Einkäufe im Supermarkt: "Es ist genug für alle da."
Auch in Richtung von Hamsterkäufern hat Horn einen dringenden Aufruf:
Sie als Freiburgerinnen und Freiburger, die Menschen vor Ort, Sie haben es in der Hand. Hören Sie auf, über Monate im Vorraus alles zu horten zun zu hamstern. Es ist genug für alle da, wenn Sie für ein bis zwei Wochen im Vorraus einkaufen. Aber es ist nicht mehr genug für alle da, wenn Sie sich auf einmal für zwölf Monate mit Klopapier im Vorraus eindecken. Das ist total irrational und übrigens auch auch nicht sozial.

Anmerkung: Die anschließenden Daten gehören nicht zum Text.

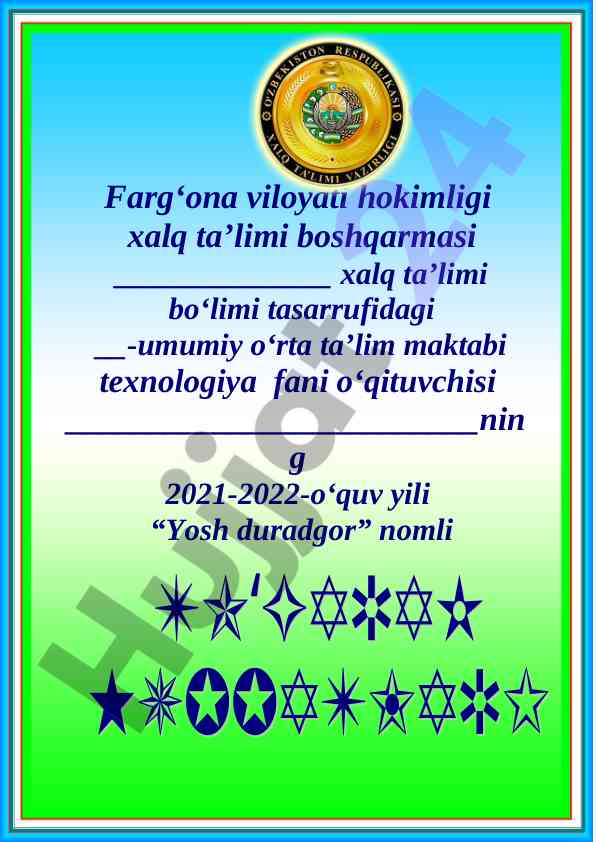 Yosh duradgor to‘garak a‘zolari haqida ma’lumot
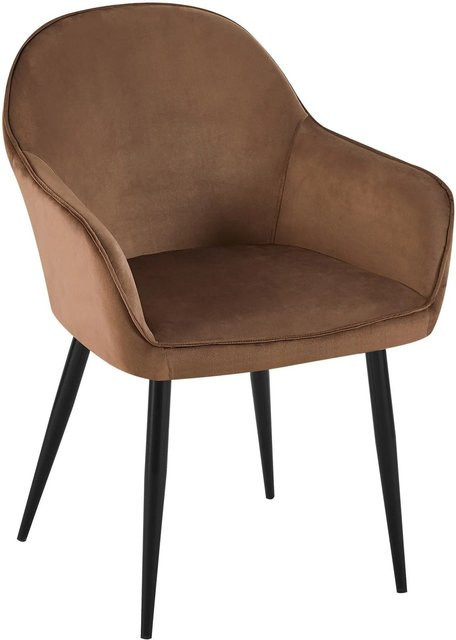 DELUKE Esszimmerstuhl GENIM in Braun mit Samtbezug, B/T/H: 60 x 60 x 84 cm - Bild 1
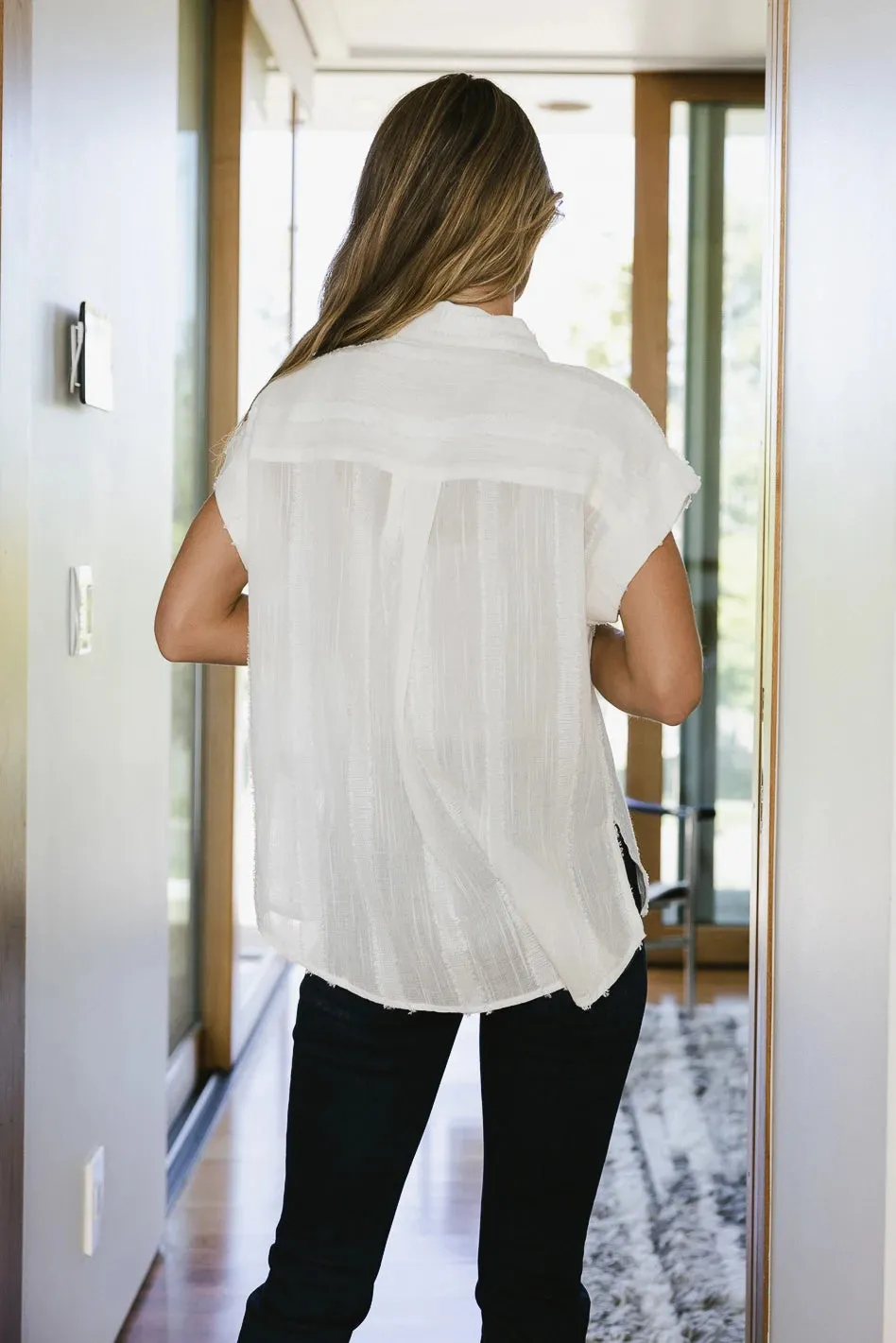 Adrian Textured Button Up in Cream - FINAL SALE sold by bohme product image thumbnail 5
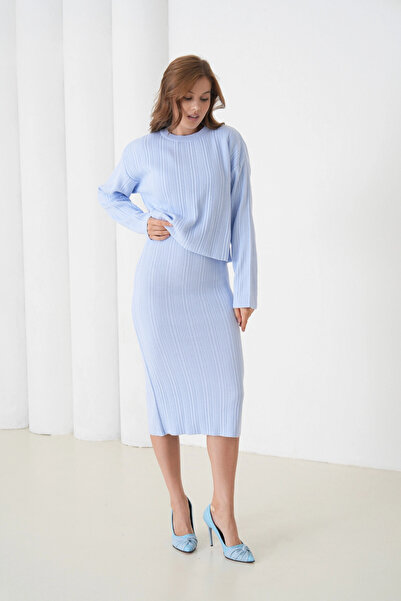 Park Karon Women's Crew Neck Textured Sweater Dress Two-Piece Knitwear Set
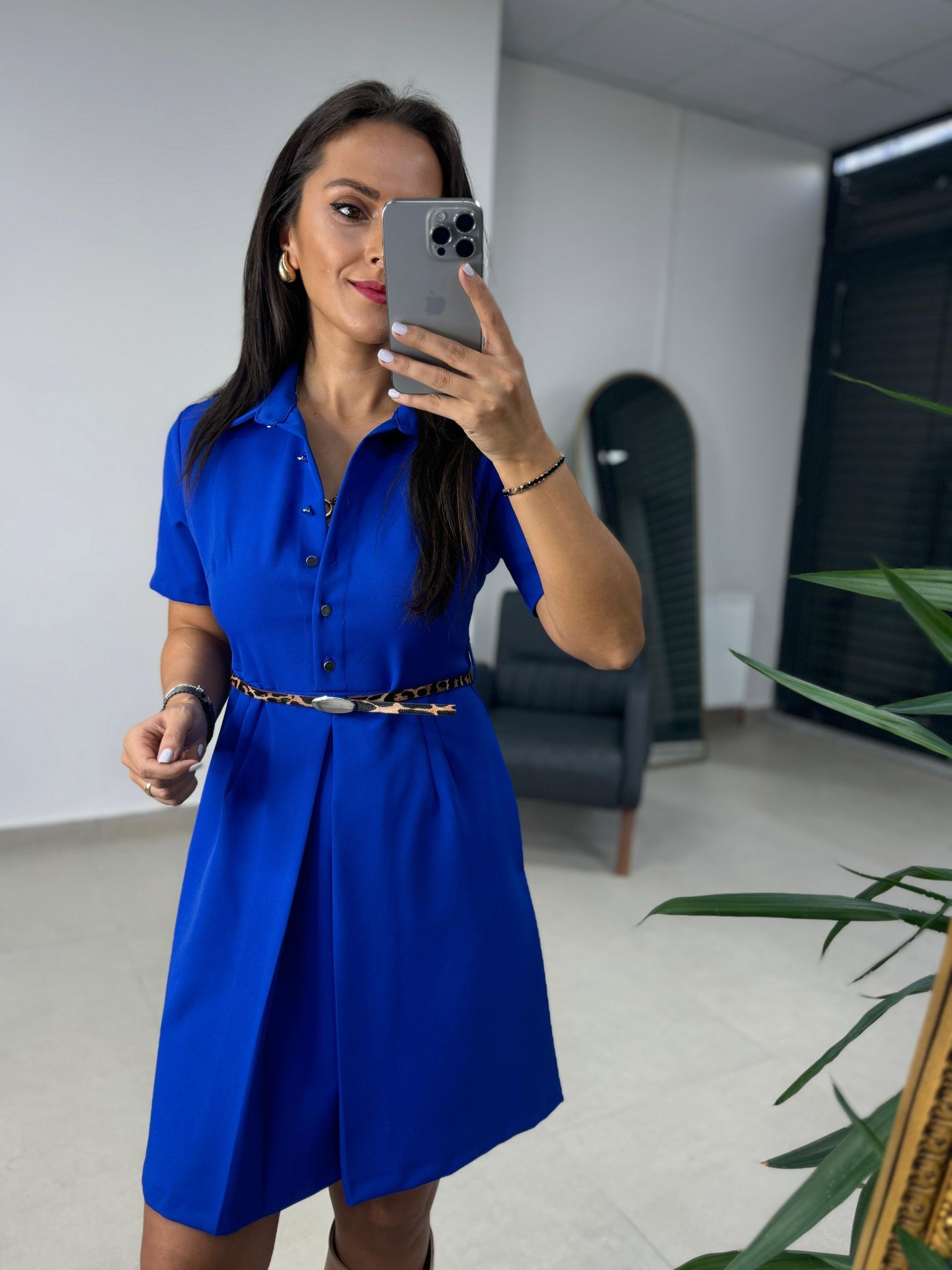 Mc 5787 Leo Saks-Kleid mit Gürtel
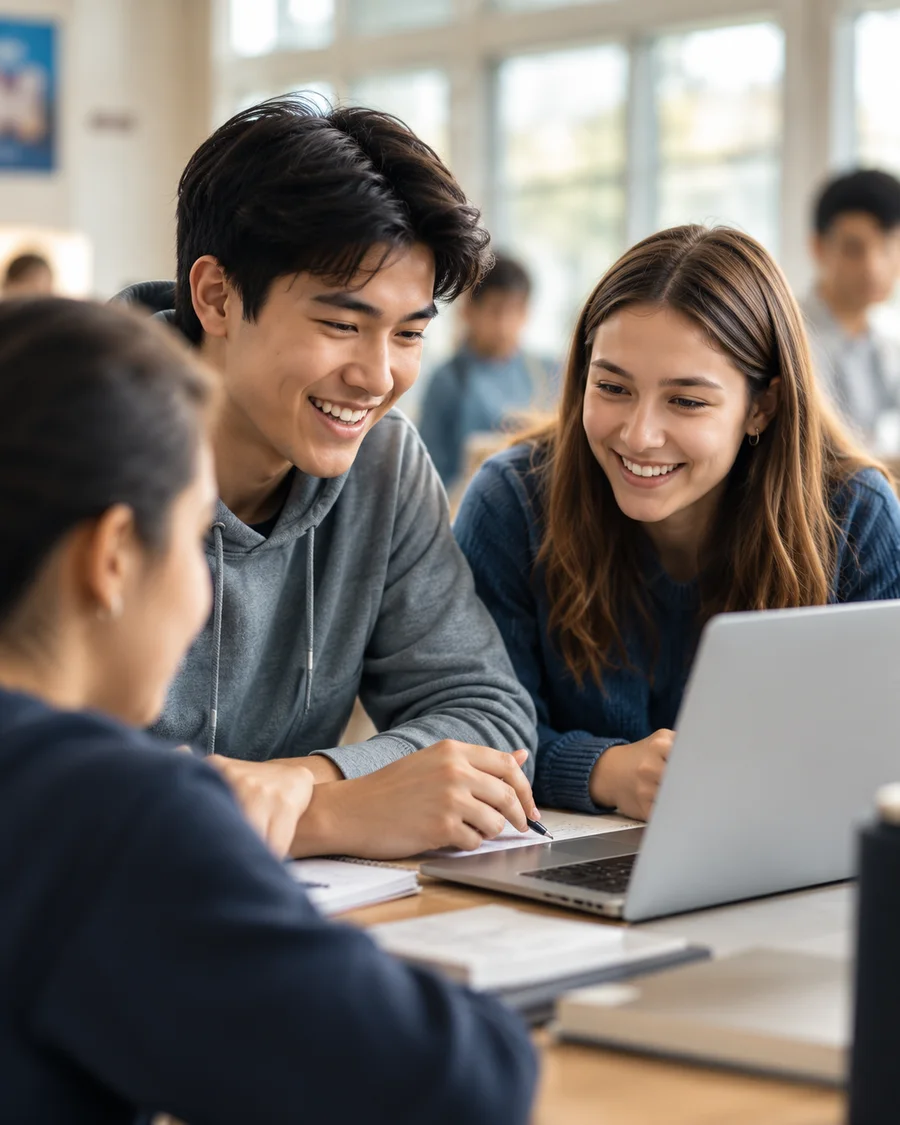 Three students smiling together while working with a laptop and notebooks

Hier hoffen Land und Stadtverwaltung vor allem mit den entzerrten Ladenöffnungszeiten entgegensteuern zu können. So dürfen Geschäfte für den dringenden täglichen Bedarf nun auch sonntags öffnen.
In der Praxis haben sich dazu allerdings noch nicht allzu viele entschlossen, auch deshalb, weil dazu erst zusätzliches Personal nötig wäre und die vorhandenen Supermarkt-Mitarbeiter häufig schon jetzt wegen der überhöhten Nachfragen eine Überstunde an die nächste reihen.